EXERCISE DESCRIPTION — Print, exactly as they appear in the listing below, the lines from the line with "PAPSTAR Muffins-Backförmchen Ø" to the line with "Magdeburg Urlaub - Wasserspiele am Dom", with both end lines kept.

START INPUT

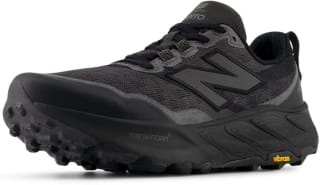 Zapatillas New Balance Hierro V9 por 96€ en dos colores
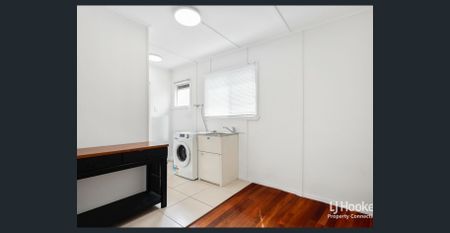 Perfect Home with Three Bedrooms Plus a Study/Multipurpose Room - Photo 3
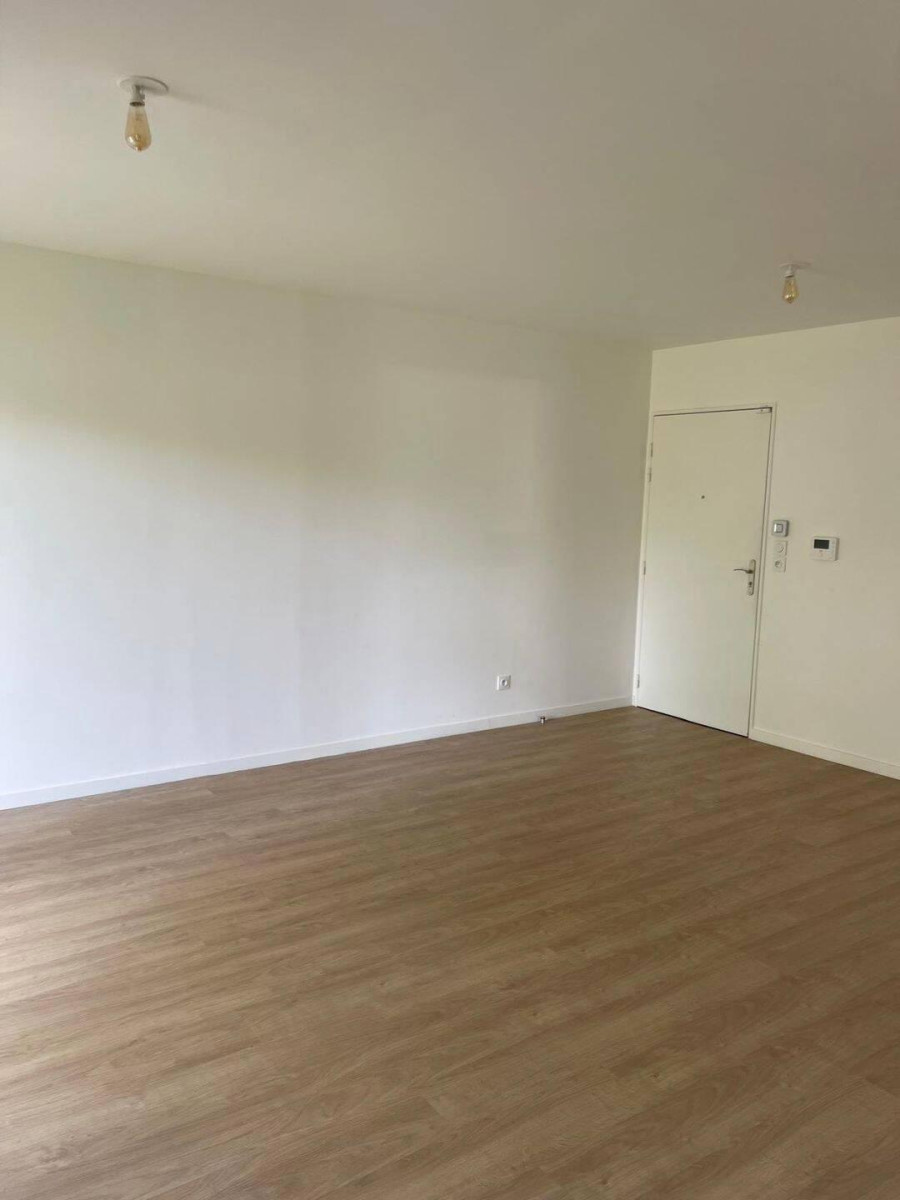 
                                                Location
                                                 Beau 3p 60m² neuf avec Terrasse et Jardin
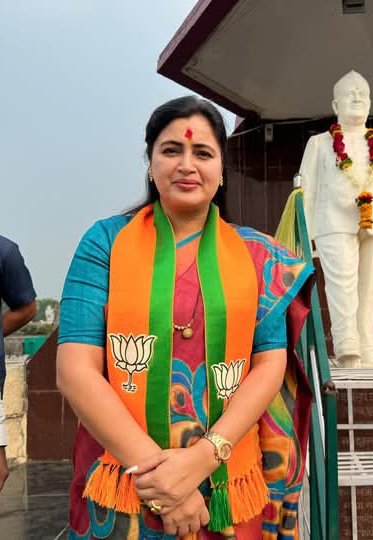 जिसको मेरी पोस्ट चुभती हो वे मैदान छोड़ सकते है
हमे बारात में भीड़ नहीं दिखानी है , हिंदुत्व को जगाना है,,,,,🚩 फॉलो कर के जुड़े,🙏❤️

END INPUT
START INPUT

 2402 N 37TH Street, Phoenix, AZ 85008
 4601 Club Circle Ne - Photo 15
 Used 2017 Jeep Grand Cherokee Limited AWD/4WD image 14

END INPUT
START INPUT

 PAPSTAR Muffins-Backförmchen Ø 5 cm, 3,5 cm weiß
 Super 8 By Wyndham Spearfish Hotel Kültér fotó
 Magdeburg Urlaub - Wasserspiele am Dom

END INPUT

TASK RESULT —
 PAPSTAR Muffins-Backförmchen Ø 5 cm, 3,5 cm weiß
 Super 8 By Wyndham Spearfish Hotel Kültér fotó
 Magdeburg Urlaub - Wasserspiele am Dom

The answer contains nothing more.